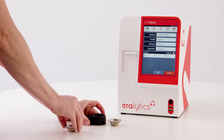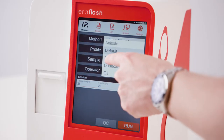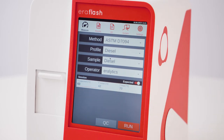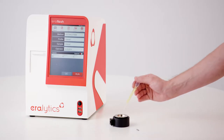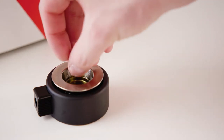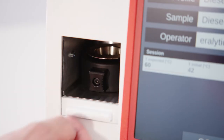The cup carrier allows easy switching between the different cup sizes of 1ml or 2ml. The measurement profiles allow pre-selection of the sample IDs and a measurement range; the profiles can be programmed in detail in the settings menu. Enter or select a sample ID and operator. Use a pipette to fill the sample cup to the mark and add a stirring magnet.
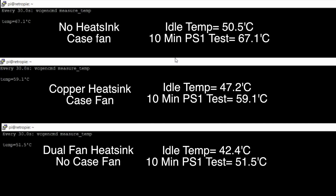The no heatsink would definitely hit throttle if you ran this for 20 minutes. At the very top: no heatsink but with a case fan — idle temp 50.5°C, after 10 minutes of PS1 gameplay 67.1°C. The cheap copper heatsink with a case fan did pretty good — idle temp 47.2°C, after 10 minutes of Tekken 3 59.1°C. And finally the dual fan heatsink with no case fan — idle temp 42.4°C, after 10 minutes of gameplay 51.5°C.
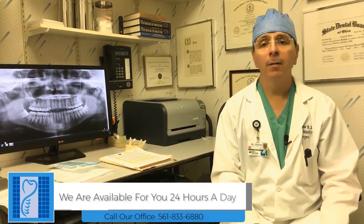Dr. Andrew Slavin here. I'd like to discuss post-operative care after your dental implant surgery. Dental implant surgery is similar to having a tooth removed as far as the post-operative care. We're available 24 hours a day, 7 days a week, so please call our office number anytime for any questions and you'll either get me directly or our staff to help answer your questions.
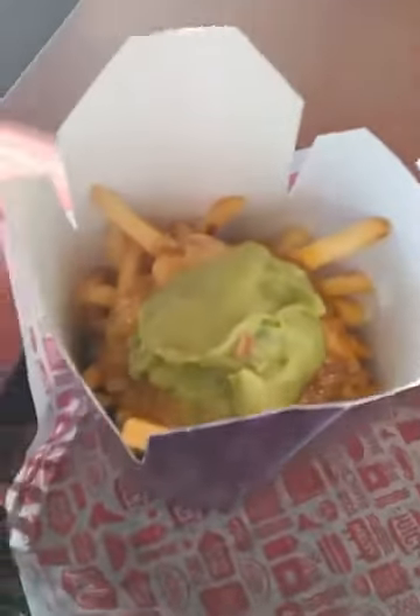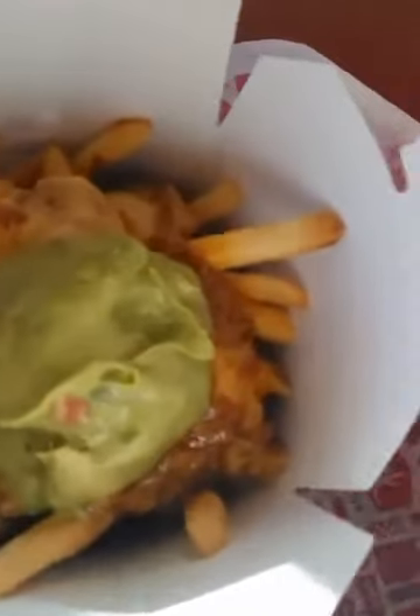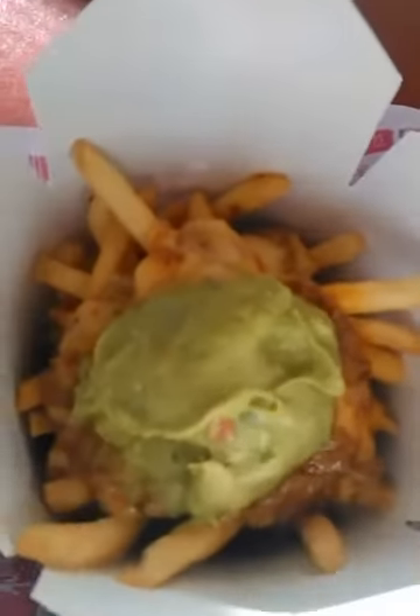What's up internet, it's Matt here. I'm at Jack in the Box, we're gonna try the new loaded chorizo fries. Figured try some fries for breakfast, chorizo sausage, maybe it'll be good. Let's take a look at it. It comes in this nifty little almost Chinese food container, but you get some fries, you get the chorizo, some cheesy sauce and some guacamole.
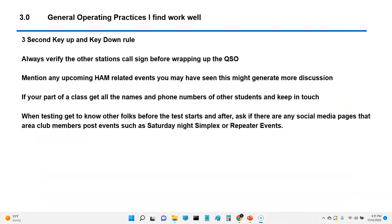Things that work well: the three-second key-up and key-down rule. Key up three seconds, talk, and when you're done talking, hold the mic for three seconds then release. I like the three-second rule because it gives the repeater time to kick in and get synced with your radio. Always verify the other station's call sign before wrapping up the QSO. You can also mention any upcoming related events that you might have seen — this might generate discussion.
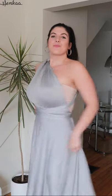Right now I have the straps tied in the back like so. Another place you could tie these straps, which we don't see as often, is actually in the front.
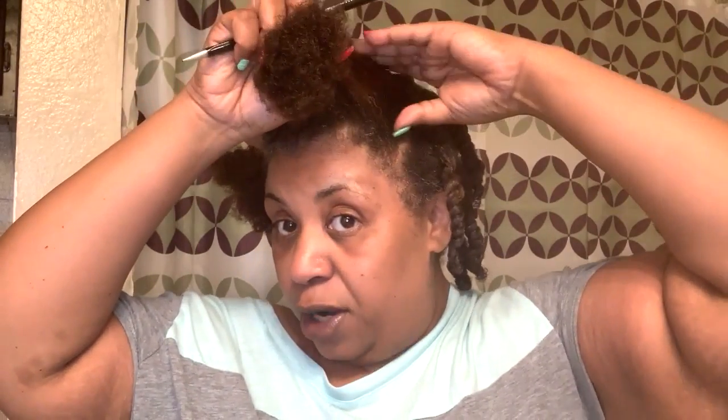I'm just putting it in a ponytail twist, and that's my protective style for the next couple of days until I decide to shampoo it again. My hair, since I've been doing these protective styles without doing washing goals and all that kind of stuff, is actually thriving — it's growing, it's feeling better, it's just better.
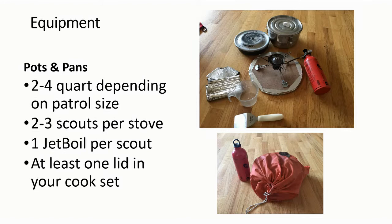When it comes to pots and pans for winter camping, the key thing is to have a large enough pot to melt water for the size of group you're cooking for. Typically a two to four quart pot for a two to three person cooking group. With a white gas stove, two to three people on one stove works reasonably well. For isobutane stoves like a Jet Boil, I recommend scouts just use that themselves. Have at least one pot lid in your cook kit — that allows for a lot more fuel efficiency when melting water.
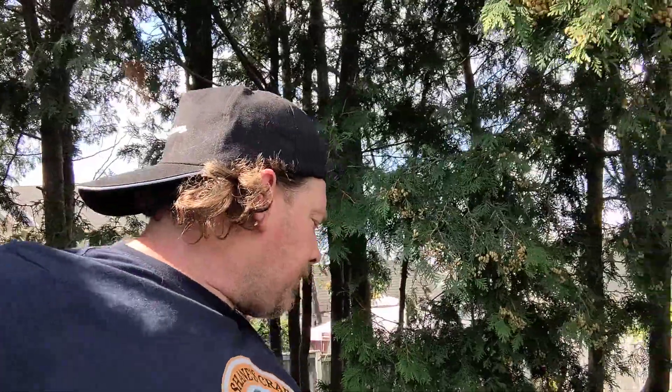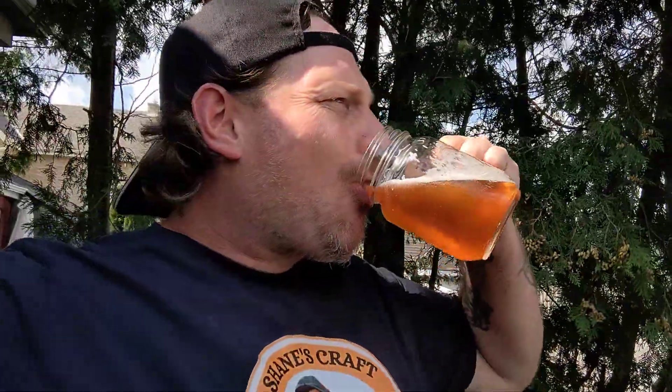Nice carbonation to it. There's nothing offensive about this at all. The more I'm drinking it, the more I'm getting the Carolina Reaper, but it's not overpowering — and that's good because I don't like anything too hot. I think it just ruins the taste. This is pretty damn good.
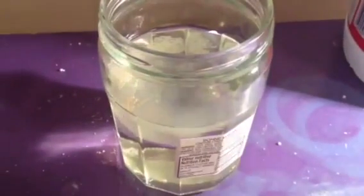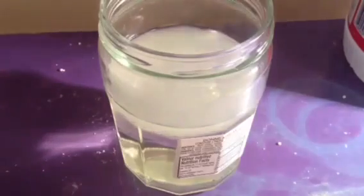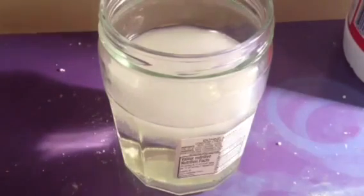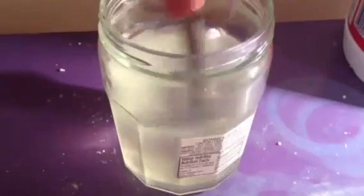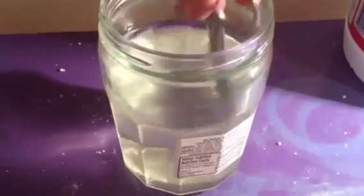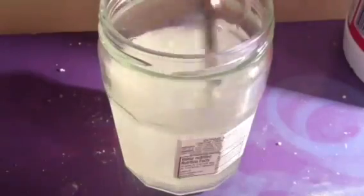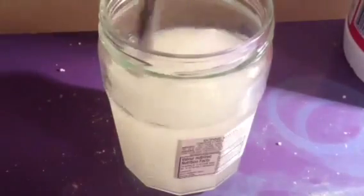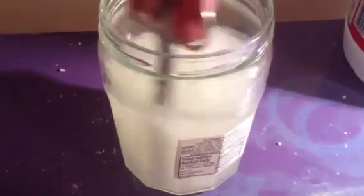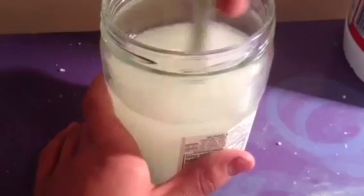Put that in there. As you can see, it's actually turning white. Now just mix this easily — you can use anything to mix it. Let's give this a mix. And it turns white. It actually does produce heat if you feel it; it does get warm.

--

TASK –
In your copy, repeat the records above exactly and include no images.

ANSWER SPACE –
The cup carrier allows easy switching between the different cup sizes of 1ml or 2ml. The measurement profiles allow pre-selection of the sample IDs and a measurement range; the profiles can be programmed in detail in the settings menu. Enter or select a sample ID and operator. Use a pipette to fill the sample cup to the mark and add a stirring magnet.
The no heatsink would definitely hit throttle if you ran this for 20 minutes. At the very top: no heatsink but with a case fan — idle temp 50.5°C, after 10 minutes of PS1 gameplay 67.1°C. The cheap copper heatsink with a case fan did pretty good — idle temp 47.2°C, after 10 minutes of Tekken 3 59.1°C. And finally the dual fan heatsink with no case fan — idle temp 42.4°C, after 10 minutes of gameplay 51.5°C.
Dr. Andrew Slavin here. I'd like to discuss post-operative care after your dental implant surgery. Dental implant surgery is similar to having a tooth removed as far as the post-operative care. We're available 24 hours a day, 7 days a week, so please call our office number anytime for any questions and you'll either get me directly or our staff to help answer your questions.
What's up internet, it's Matt here. I'm at Jack in the Box, we're gonna try the new loaded chorizo fries. Figured try some fries for breakfast, chorizo sausage, maybe it'll be good. Let's take a look at it. It comes in this nifty little almost Chinese food container, but you get some fries, you get the chorizo, some cheesy sauce and some guacamole.
Things that work well: the three-second key-up and key-down rule. Key up three seconds, talk, and when you're done talking, hold the mic for three seconds then release. I like the three-second rule because it gives the repeater time to kick in and get synced with your radio. Always verify the other station's call sign before wrapping up the QSO. You can also mention any upcoming related events that you might have seen — this might generate discussion.
Right now I have the straps tied in the back like so. Another place you could tie these straps, which we don't see as often, is actually in the front.
I'm just putting it in a ponytail twist, and that's my protective style for the next couple of days until I decide to shampoo it again. My hair, since I've been doing these protective styles without doing washing goals and all that kind of stuff, is actually thriving — it's growing, it's feeling better, it's just better.
When it comes to pots and pans for winter camping, the key thing is to have a large enough pot to melt water for the size of group you're cooking for. Typically a two to four quart pot for a two to three person cooking group. With a white gas stove, two to three people on one stove works reasonably well. For isobutane stoves like a Jet Boil, I recommend scouts just use that themselves. Have at least one pot lid in your cook kit — that allows for a lot more fuel efficiency when melting water.
Nice carbonation to it. There's nothing offensive about this at all. The more I'm drinking it, the more I'm getting the Carolina Reaper, but it's not overpowering — and that's good because I don't like anything too hot. I think it just ruins the taste. This is pretty damn good.
Put that in there. As you can see, it's actually turning white. Now just mix this easily — you can use anything to mix it. Let's give this a mix. And it turns white. It actually does produce heat if you feel it; it does get warm.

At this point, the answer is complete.